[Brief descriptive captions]
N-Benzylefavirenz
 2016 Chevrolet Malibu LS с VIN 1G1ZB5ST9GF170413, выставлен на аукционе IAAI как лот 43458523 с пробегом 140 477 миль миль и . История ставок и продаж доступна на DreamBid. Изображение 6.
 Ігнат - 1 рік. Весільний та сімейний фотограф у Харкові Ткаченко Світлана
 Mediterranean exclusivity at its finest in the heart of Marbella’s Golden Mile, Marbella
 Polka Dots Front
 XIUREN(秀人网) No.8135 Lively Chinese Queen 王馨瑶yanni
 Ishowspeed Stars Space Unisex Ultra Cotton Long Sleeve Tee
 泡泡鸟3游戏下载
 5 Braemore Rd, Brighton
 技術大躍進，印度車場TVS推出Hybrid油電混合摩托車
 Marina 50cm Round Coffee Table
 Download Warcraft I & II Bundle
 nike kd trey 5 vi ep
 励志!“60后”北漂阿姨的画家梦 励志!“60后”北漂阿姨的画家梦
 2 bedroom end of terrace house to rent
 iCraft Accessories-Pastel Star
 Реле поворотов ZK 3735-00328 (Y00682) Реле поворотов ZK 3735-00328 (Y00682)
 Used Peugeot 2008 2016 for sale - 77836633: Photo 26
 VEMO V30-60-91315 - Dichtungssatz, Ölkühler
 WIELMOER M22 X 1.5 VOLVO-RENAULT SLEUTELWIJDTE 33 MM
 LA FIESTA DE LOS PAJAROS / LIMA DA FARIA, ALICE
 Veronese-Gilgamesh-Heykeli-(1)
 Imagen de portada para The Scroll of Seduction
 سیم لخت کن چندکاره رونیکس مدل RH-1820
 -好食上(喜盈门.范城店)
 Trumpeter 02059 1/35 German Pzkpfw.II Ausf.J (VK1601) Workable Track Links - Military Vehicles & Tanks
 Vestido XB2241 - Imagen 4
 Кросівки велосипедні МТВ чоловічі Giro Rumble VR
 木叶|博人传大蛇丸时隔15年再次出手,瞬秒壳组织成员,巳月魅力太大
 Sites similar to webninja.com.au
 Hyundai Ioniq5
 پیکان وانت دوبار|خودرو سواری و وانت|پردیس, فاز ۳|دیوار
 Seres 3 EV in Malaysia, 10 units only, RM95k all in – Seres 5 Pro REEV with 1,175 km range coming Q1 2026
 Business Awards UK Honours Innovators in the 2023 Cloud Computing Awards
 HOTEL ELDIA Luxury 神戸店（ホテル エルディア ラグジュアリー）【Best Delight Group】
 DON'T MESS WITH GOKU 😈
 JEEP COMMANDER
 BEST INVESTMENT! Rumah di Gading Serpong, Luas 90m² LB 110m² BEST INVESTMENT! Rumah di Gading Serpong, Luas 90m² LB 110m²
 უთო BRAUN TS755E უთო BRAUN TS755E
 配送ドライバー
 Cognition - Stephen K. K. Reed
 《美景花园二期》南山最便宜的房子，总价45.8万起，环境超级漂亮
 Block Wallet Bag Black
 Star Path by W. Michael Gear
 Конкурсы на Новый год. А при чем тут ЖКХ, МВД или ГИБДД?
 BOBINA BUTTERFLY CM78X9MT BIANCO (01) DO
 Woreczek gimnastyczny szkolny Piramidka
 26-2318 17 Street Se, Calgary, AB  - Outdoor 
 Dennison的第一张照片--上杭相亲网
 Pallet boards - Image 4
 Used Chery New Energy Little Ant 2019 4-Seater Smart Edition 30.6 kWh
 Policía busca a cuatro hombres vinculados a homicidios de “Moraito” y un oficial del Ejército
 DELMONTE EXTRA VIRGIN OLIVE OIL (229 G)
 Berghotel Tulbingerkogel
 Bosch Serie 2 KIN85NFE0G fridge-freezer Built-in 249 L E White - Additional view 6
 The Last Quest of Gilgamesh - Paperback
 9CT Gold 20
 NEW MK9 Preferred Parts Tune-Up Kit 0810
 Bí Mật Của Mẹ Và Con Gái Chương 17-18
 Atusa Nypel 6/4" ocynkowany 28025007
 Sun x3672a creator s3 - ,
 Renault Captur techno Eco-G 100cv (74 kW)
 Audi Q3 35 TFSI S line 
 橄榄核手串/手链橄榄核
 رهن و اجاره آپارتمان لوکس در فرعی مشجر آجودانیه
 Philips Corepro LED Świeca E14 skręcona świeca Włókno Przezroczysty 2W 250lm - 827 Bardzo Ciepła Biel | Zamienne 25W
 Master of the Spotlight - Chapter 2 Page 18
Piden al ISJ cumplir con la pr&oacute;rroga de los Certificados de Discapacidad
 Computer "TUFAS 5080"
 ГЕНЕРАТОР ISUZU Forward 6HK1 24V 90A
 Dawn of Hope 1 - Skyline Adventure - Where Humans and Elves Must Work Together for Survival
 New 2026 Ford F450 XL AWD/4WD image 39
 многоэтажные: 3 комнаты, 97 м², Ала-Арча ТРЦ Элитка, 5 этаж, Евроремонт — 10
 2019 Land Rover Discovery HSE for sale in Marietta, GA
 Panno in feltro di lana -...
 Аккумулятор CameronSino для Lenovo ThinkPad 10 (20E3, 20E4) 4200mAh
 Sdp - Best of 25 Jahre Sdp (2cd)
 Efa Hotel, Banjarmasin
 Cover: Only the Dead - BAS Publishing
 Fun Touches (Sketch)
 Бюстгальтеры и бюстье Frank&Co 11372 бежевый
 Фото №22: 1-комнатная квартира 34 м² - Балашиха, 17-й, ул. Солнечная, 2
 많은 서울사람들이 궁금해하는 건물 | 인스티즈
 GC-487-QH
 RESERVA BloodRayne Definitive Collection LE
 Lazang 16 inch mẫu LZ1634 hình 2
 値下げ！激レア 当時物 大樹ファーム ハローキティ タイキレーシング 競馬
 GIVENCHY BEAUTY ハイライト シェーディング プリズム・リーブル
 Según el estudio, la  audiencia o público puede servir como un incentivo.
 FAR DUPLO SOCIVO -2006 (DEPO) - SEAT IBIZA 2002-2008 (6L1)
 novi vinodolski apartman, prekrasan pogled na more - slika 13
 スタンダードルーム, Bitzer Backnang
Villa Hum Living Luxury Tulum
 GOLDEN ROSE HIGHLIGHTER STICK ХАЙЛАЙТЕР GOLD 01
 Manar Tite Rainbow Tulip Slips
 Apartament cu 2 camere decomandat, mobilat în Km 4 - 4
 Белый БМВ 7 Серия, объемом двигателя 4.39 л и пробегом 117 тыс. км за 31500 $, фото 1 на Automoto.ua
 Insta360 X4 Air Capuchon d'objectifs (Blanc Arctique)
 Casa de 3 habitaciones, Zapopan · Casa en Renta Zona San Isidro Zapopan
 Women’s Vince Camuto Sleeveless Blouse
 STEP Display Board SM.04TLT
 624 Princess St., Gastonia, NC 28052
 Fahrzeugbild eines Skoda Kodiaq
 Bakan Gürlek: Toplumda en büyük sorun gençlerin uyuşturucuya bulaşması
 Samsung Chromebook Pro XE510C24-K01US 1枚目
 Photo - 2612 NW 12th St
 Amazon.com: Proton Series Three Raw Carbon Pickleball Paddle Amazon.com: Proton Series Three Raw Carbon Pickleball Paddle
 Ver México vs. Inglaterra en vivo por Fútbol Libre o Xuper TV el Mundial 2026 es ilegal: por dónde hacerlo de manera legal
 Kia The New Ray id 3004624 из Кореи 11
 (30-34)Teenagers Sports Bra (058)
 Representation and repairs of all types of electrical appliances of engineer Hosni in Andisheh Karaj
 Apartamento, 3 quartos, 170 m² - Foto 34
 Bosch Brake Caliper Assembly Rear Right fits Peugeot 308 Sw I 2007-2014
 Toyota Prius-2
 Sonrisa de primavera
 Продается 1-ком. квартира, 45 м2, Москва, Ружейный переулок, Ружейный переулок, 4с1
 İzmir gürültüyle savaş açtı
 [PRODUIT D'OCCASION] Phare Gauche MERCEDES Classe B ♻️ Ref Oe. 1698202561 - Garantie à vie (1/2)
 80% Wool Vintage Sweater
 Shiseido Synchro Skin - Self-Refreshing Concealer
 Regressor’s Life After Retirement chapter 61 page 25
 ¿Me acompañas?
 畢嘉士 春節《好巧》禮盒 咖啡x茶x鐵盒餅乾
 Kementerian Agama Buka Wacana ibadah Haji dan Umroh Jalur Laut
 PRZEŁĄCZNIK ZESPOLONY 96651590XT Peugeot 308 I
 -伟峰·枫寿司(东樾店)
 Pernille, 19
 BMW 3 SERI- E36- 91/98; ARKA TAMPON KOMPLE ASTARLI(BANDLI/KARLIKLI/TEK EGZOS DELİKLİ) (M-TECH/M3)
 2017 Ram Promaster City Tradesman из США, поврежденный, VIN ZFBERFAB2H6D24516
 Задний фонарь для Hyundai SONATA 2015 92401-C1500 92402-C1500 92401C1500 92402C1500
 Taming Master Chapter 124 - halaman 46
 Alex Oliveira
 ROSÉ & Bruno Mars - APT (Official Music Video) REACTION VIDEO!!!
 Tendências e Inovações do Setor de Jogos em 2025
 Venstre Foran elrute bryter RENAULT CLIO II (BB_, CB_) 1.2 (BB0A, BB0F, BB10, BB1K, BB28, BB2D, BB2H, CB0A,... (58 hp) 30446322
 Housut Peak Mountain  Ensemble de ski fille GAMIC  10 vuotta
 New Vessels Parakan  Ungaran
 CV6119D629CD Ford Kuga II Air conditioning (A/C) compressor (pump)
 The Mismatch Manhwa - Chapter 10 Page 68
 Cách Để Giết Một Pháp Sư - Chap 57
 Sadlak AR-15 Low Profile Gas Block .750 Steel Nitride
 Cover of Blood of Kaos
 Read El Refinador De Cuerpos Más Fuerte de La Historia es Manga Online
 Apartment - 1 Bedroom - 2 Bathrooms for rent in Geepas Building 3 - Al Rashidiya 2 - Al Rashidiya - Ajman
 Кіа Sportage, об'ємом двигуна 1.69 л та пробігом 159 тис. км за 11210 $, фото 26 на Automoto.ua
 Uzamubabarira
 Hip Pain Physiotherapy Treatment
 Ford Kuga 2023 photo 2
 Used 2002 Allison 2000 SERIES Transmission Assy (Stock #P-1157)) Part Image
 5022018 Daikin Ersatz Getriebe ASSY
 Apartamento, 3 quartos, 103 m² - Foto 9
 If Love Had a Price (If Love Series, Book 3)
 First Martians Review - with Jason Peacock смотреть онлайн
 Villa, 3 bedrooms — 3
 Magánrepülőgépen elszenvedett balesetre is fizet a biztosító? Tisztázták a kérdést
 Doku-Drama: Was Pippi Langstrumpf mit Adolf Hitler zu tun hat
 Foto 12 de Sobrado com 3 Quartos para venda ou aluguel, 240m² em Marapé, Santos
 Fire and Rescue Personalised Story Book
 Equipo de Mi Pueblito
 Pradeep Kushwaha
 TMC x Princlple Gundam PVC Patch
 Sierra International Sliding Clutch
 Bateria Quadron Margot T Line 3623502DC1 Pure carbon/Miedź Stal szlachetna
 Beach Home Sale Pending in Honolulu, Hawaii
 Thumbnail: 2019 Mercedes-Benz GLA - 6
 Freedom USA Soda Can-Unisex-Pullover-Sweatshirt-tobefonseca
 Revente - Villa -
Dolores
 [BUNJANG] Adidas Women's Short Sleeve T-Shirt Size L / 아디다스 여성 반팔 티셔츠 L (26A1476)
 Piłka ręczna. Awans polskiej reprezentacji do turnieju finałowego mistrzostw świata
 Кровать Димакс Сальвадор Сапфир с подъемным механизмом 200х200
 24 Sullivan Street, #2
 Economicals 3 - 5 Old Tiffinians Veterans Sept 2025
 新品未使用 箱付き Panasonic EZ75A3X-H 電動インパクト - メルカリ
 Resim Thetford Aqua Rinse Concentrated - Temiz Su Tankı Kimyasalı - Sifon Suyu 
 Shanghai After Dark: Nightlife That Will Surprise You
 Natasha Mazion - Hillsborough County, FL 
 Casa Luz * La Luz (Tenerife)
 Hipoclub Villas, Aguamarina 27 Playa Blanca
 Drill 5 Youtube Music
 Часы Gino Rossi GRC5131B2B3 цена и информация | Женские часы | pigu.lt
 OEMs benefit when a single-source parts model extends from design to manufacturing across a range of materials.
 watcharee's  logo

▶ **AIM OF THE TASK**:
For the lines above, output exactly those from the line containing "[PRODUIT D'OCCASION] Phare" through the line containing "Ford Kuga 2023 photo 2", and skip the others.

▶ **ANSWER SPACE**:
 [PRODUIT D'OCCASION] Phare Gauche MERCEDES Classe B ♻️ Ref Oe. 1698202561 - Garantie à vie (1/2)
 80% Wool Vintage Sweater
 Shiseido Synchro Skin - Self-Refreshing Concealer
 Regressor’s Life After Retirement chapter 61 page 25
 ¿Me acompañas?
 畢嘉士 春節《好巧》禮盒 咖啡x茶x鐵盒餅乾
 Kementerian Agama Buka Wacana ibadah Haji dan Umroh Jalur Laut
 PRZEŁĄCZNIK ZESPOLONY 96651590XT Peugeot 308 I
 -伟峰·枫寿司(东樾店)
 Pernille, 19
 BMW 3 SERI- E36- 91/98; ARKA TAMPON KOMPLE ASTARLI(BANDLI/KARLIKLI/TEK EGZOS DELİKLİ) (M-TECH/M3)
 2017 Ram Promaster City Tradesman из США, поврежденный, VIN ZFBERFAB2H6D24516
 Задний фонарь для Hyundai SONATA 2015 92401-C1500 92402-C1500 92401C1500 92402C1500
 Taming Master Chapter 124 - halaman 46
 Alex Oliveira
 ROSÉ & Bruno Mars - APT (Official Music Video) REACTION VIDEO!!!
 Tendências e Inovações do Setor de Jogos em 2025
 Venstre Foran elrute bryter RENAULT CLIO II (BB_, CB_) 1.2 (BB0A, BB0F, BB10, BB1K, BB28, BB2D, BB2H, CB0A,... (58 hp) 30446322
 Housut Peak Mountain  Ensemble de ski fille GAMIC  10 vuotta
 New Vessels Parakan  Ungaran
 CV6119D629CD Ford Kuga II Air conditioning (A/C) compressor (pump)
 The Mismatch Manhwa - Chapter 10 Page 68
 Cách Để Giết Một Pháp Sư - Chap 57
 Sadlak AR-15 Low Profile Gas Block .750 Steel Nitride
 Cover of Blood of Kaos
 Read El Refinador De Cuerpos Más Fuerte de La Historia es Manga Online
 Apartment - 1 Bedroom - 2 Bathrooms for rent in Geepas Building 3 - Al Rashidiya 2 - Al Rashidiya - Ajman
 Кіа Sportage, об'ємом двигуна 1.69 л та пробігом 159 тис. км за 11210 $, фото 26 на Automoto.ua
 Uzamubabarira
 Hip Pain Physiotherapy Treatment
 Ford Kuga 2023 photo 2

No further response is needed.